DFT and experimental study on the thermal conductivity of U3O8 and U3O8-X; (X=Al and Mo)

Abstract

In this article, a theoretical and experimental investigation on the phonon thermal conductivity (κL) of α-U3O8 in the temperature range of 300 to 1000 K is reported. The theoretical calculations of the κL were performed via the density functional theory (DFT) unified with the Boltzmann transport equation (BTE). An extensive investigation of the mode-wise scattering rate, group velocity (vg), and the Grüneisen parameters (γ) were also conducted. The theoretically predicted thermal conductivities of U3O8 were compared with the measured values obtained through the transient method. Spark plasma sintering technique (SPS) was applied for sample preperation . In addition to the thermal properties of U3O8, an investigation on the effects of the addition of aluminum (Al) and molybdenum (Mo) is also reported. Our theoretical prediction corroborated the larger directional dependence of κL in U3O8, for example, at 300 K, they are 0.97, 0.67, and 3.05 W.m−1.K−1 along (100), (010), and (001) directions, respectively. The average κL values of U3O8 decreases as a function of temperature from 1.57pleasedelete to 0.49 W.m−1.K−1 when the temperature increases from 300 to 1000 K. The reason for the low thermal conductivity in U3O8 has been explained by evaluating the mode-dependent scattering rates and γ. Also, the prediction of vg corroborated the larger directional dependence of κL. Finally, the effect of Al (with 15, 20, and 30vol% of U3O8 in Al matrix) and Mo (with 8.2 and 12.5vol% of Mo in U3O8) on the thermal conductivity of U3O8 has been reported.
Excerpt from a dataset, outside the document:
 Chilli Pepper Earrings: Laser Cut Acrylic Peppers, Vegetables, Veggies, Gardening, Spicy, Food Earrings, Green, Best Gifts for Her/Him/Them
At 300 K, thermal conductivities of U3O8-Al samples with 15, 20, and 30vol% of U3O8 dispersions are 50.91, 33.79, and 16.53 W.m−1.K−1,respectively. Moreover, the samples with 8.2 and 12.5 vol% of Mo reported 59% and 104% respective thermal conductivity enhancements at ~300 K. Ultimately, this work determined the possibility of sintering U3O8 based nuclear fuels using SPS and demonstrated the thermal conductivity enhancement of U3O8 with Al and Mo additives.